The News Agency of Nigeria (NAN) reports that the union members shut down the airline for several hours in protest over alleged salary disparity between Nigerian pilots and engineers and their foreign counterparts.

A NAN correspondent, who visited the headquarters of Bristow Helicopters close to the General Aviation Terminal (GAT), Lagos airport observed that some of the union members were protesting at the gate of the company.

The union members, who chanted various solidarity songs, barred other workers of the airline from entering the company’s premises for several hours.

The General Secretary of the union, Mr Aba Ocheme, NAAPE, later informed aviation correspondents that the strike had been suspended following the intervention of the Ministry of Labour and Productivity.

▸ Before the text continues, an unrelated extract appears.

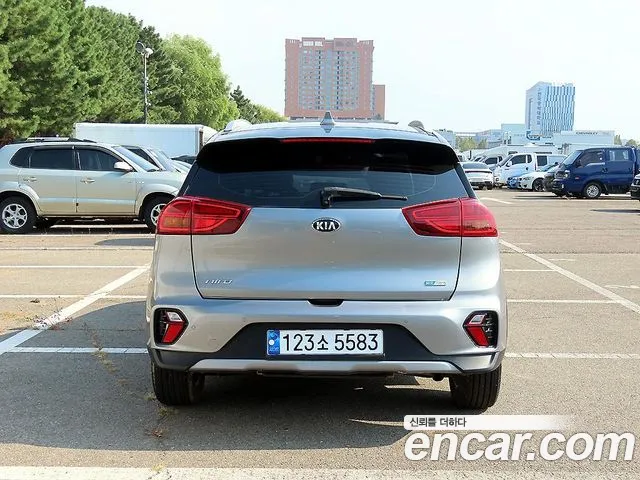 Kia Niro 2020 thumb 3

Ocheme said the protest would no longer continue on April 1 as earlier planned but added that the issues raised should be adequately addressed.

NAN recalled that NAAPE had threatened to go on strike from March 30 to April 1 over the discriminatory salary and the absence of a condition of service.

In a statement signed by Ocheme, NAAPE had pointed out that all efforts to correct “these acts of injustice” had failed to yield any positive result.

It said: “NAAPE has since offered a proposal to the management which has received an even more unpalatable response.

“Any unbiased third party will easily agree that NAAPE has bent double backwards to show maturity and good faith, and has amply demonstrated restraint and forbearance.

“While we have been playing for time to allow for workable solutions, management has been digging trenches and fortifying their positions.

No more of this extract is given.